_WHAT TO DO_
Look below for the line containing "A Method for", then write out that line and every line after it to the end, exactly, minus the pictures.

▽

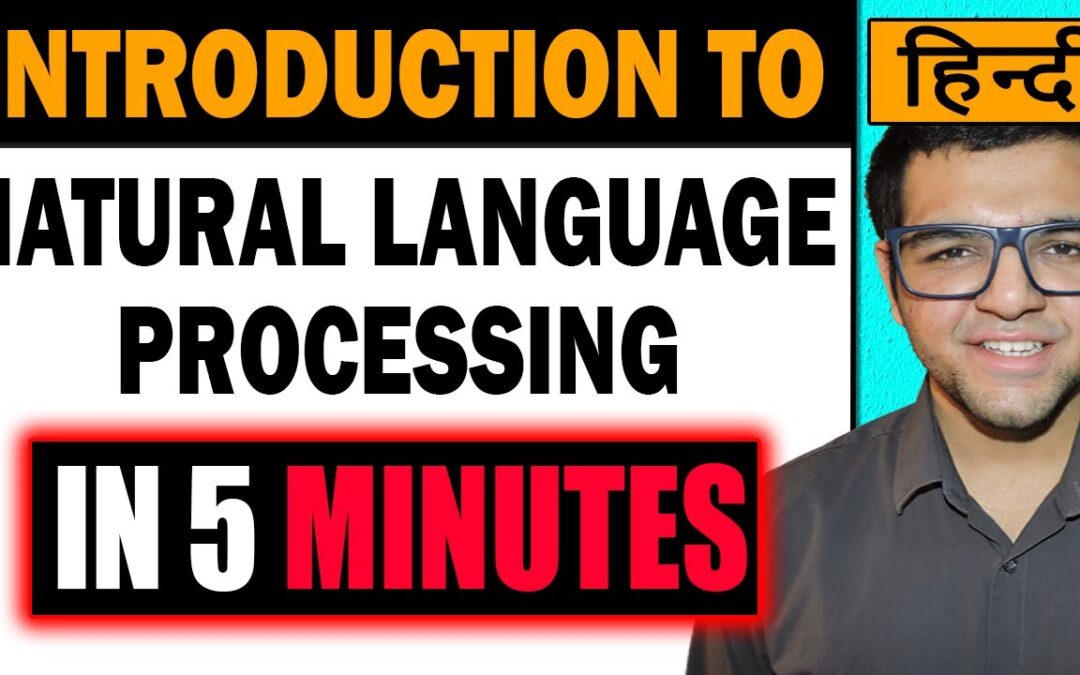 Introduction to Natural Language Processing in Hindi ( NLP ) 🔥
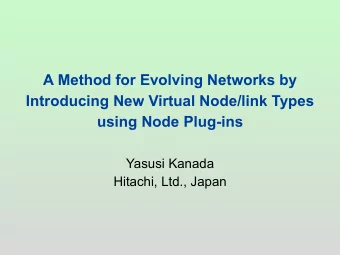 A Method for Evolving Networks by  Introducing New Virtual Node/link Types  using Node Plug-ins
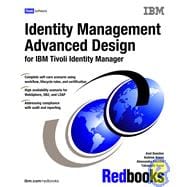 Identity Management Advanced Design for IBM Tivoli Identity Manager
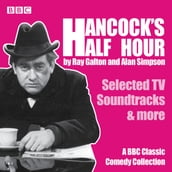 Hancock s Half Hour: Selected TV Soundtracks & more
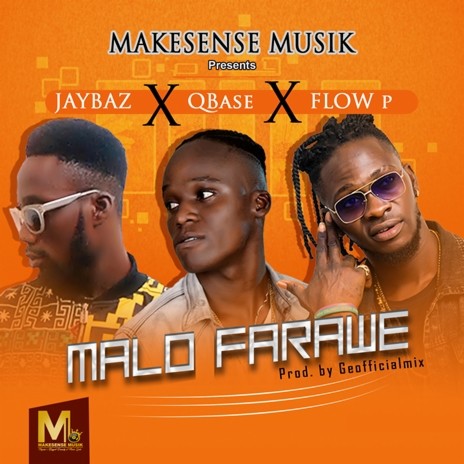 Malo Farawe ft. Qbase, Flow P & Jaybaz | Boomplay Music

△

_SOLUTION_
 A Method for Evolving Networks by  Introducing New Virtual Node/link Types  using Node Plug-ins
 Identity Management Advanced Design for IBM Tivoli Identity Manager
 Hancock s Half Hour: Selected TV Soundtracks & more
 Malo Farawe ft. Qbase, Flow P & Jaybaz | Boomplay Music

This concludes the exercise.